No se puede evitar, la pompa seduce con su fotogenia y no hay nada más fotogénico que la obra de Bernini escoltada por uniformes de la guardia suiza. Nada más morboso que el féretro de un soberano a hombros por la vía pública vestiduras al viento. Nada más ‘trendintópico’ que un ceremonial multitudinario con regusto a acontecimiento histórico. Nada más intrigante que una quiniela sin conocer a los participantes. Nada más fascinante que tan supuestos misterios. Lástima que la Iglesia dejase de hablar en latín; ahora se entiende lo que dicen.

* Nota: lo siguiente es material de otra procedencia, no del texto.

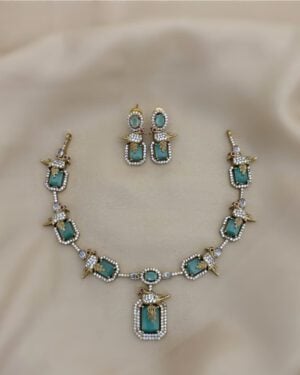 Pure Zirconian Diamond Necklace Set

El gesto y la ceremonia. La iglesia católica (y las demás) llevan milenios amparándose en ambas prácticas para prosperar y, hoy día, para disimular su condición de organizaciones discriminatorias y reaccionarias. El papa Francisco bien lo sabía, de ahí sus numerosos y populares gestos, tan ponderados por el elogio fúnebre y el entusiasmo necrofílico. Gestos hacia la grada en favor de mujeres, homosexuales, limpieza de zonas oscuras –y delictivas– en la organización y ventilación de sus numerosos brazos y tentáculos, etc. Gestos y algo de formalidades pero poco de chicha: apenas unos movimientos en la sombra que se le suponen más que documentan y nada que echarse al coleto, hasta el punto de que tras la próxima elección de un papa ultra ‘comme il faut’ no costará deshacer el legado de Bergoglio de un capirotazo.
Y de fondo una autocracia. Autocracia, que lo de teocracia no está demostrado aunque lo intentase Tomás de Aquino. Una autocracia con elecciones de mentirijillas entre un puñado de señores cuya preminencia deviene de añejas pleitesías, repetición de ritos y la aceptación de una ranciedad de fábrica que, en su mayoría, poco ha cambiado desde Trento. Un pequeño país y una organización enorme cuyas normas discriminan a la mitad de las personas por su sexo, las mujeres, y a otra buena parte por su orientación sexual. O sea, delitos en países democráticos desarrollados por los cuales esa organización debería ponerse en tela de juicio en lugar de ponderarse tanto y tal país señalado como injusto, infractor de derechos humanos. Al nivel de tantos otros que se citan habitualmente en ese Tercer Mundo al que la Iglesia, de tal forma, no da mucho ejemplo.
Cuando la fumata –qué inventazo ese también, en la era de Internet una humareda como aviso– revele un nuevo nombre para la sede del poder católico recuerden, si tienen tiempo entre la hagiografía del nuevo y las profecías oraculares sobre el futuro de la institución, las raíces de ese poder, dónde y cómo se manifiesta y si merece esa atención y tamañas alabanzas. Amén.